Requirement: Give back every record below, character for character.

Data to use:
__________________________________________________
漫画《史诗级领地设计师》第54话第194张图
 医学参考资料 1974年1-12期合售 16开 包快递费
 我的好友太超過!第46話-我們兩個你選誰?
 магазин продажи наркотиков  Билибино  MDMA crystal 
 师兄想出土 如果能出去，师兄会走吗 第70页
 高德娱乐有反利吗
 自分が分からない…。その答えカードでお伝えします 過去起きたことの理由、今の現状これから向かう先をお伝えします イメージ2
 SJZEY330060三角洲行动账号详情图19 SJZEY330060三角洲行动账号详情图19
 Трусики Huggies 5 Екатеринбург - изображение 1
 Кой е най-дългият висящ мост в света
__________________________________________________
Exercise output:
漫画《史诗级领地设计师》第54话第194张图
 医学参考资料 1974年1-12期合售 16开 包快递费
 我的好友太超過!第46話-我們兩個你選誰?
 магазин продажи наркотиков  Билибино  MDMA crystal 
 师兄想出土 如果能出去，师兄会走吗 第70页
 高德娱乐有反利吗
 自分が分からない…。その答えカードでお伝えします 過去起きたことの理由、今の現状これから向かう先をお伝えします イメージ2
 SJZEY330060三角洲行动账号详情图19 SJZEY330060三角洲行动账号详情图19
 Трусики Huggies 5 Екатеринбург - изображение 1
 Кой е най-дългият висящ мост в света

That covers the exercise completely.